Work request =
Leave the pictures out, and repeat exactly every line from the one with "The Best Thanksgiving" through the end of the data below.

Raw data =
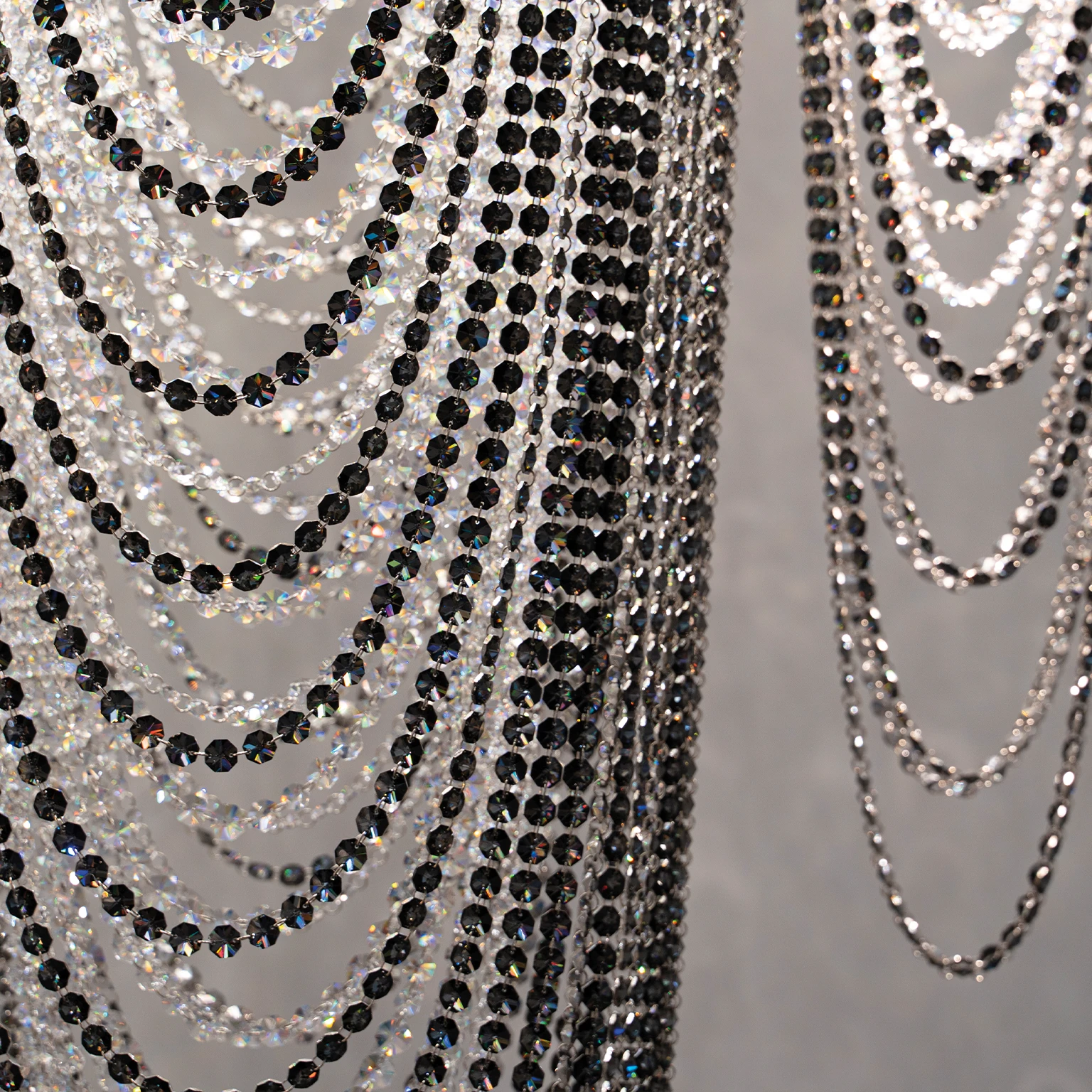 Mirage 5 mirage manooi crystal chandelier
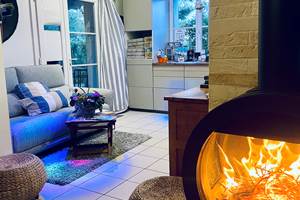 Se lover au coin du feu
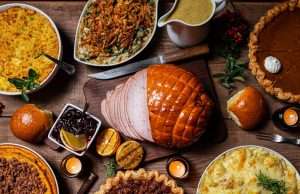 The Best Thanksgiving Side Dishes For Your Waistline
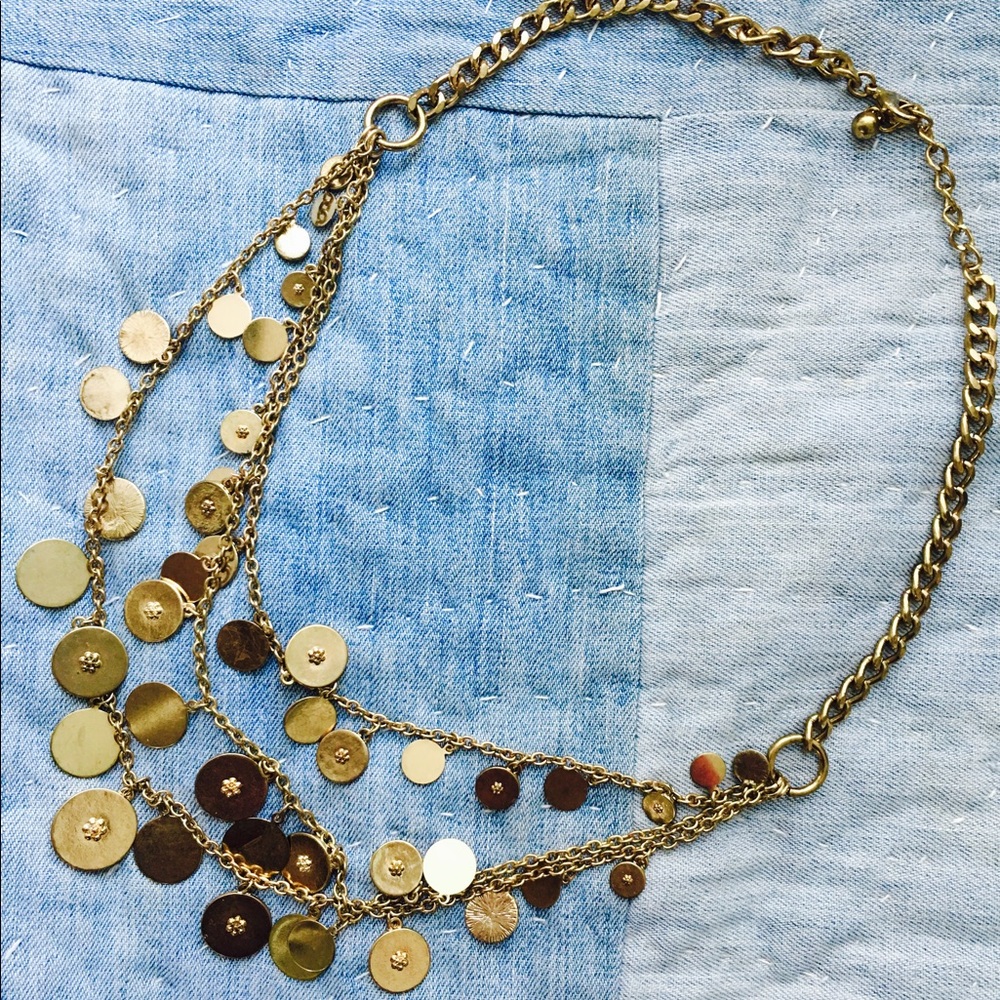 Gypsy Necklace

Task answer =
 The Best Thanksgiving Side Dishes For Your Waistline
 Gypsy Necklace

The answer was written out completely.